Welcome to the School of YouTube
We asked our young interviewees their opinions about social media and YouTube. They revealed that they spend a lot of time watching video games (and other videos). The biggest surprise was the fact that all of them claimed to have learned something from YouTube, regardless if it was a skill or complicated academic theory.
YouTube covers everything they could possibly need. YouTube will answer any burning questions they may have, such as why the ocean has tides or how to win at Chess.
YouTube has a wealth of information for anyone with a specific interest in wildlife conservation or cooking. They can learn anything they want, or just be curious about it, in a tutorial, or TED Talk.
The Socially Savvy Generation
However, it is clear that these teens and kids aren’t ignorant about YouTube. YouTube has its negative side effects, which they are well aware of. It can become addictive if you spend too much time on it. They also know that comment sections can sometimes be abusive and toxic. These young people are intelligent and can recognize and decide what is good and what is bad about the internet.
They have learned how to navigate the web’s peaks, pitfalls and enjoy it whenever they want. They are experts at using the internet as a tool, and as a source for endless and instant knowledge. They don’t need to rely on their parents or teachers to answer their questions. They can search for the answers themselves. The school of YouTube is crucial because it gives them the opportunity to learn and play simultaneously.
Our research also revealed that this generation does not take the internet for granted and doesn’t waste its potential. They want to interact with the internet and make use of it to its full potential.
Democracy at Work
Interviewees shared with us that YouTube feels more authentic and “unedit” than other media platforms like Instagram or Netflix. YouTube is not only known for its entertainment, but also because of its educational aspect.
We were told by them that YouTube learning is more democratic and personal than traditional teachers and professors. Instead of learning from stern old professors and fusty old teachers, they learn from their peers, charismatic, free-thinking YouTubers and inspiring YouTubers. They like that they can participate and interact, instead of being dictated to and talked at.
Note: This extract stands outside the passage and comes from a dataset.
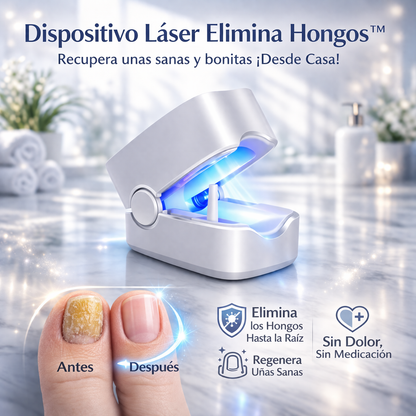 Tratamiento Dispositivo de hongos en Uñas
Everything has been made possible by the internet, including music and fame. It allows you to create music from your home and share it with a worldwide audience. You can also make celebrities out of people with a flair for social media and a large Instagram following. This generation is known for their DIY approach to everything. It follows that the same applies to learning.
We can rest assured that we are not being influenced by social media or the internet and that this is not the case.
The internet has helped young people develop independent minds in education and are more open to taking a ‘why don’t you’ approach to it than ever before.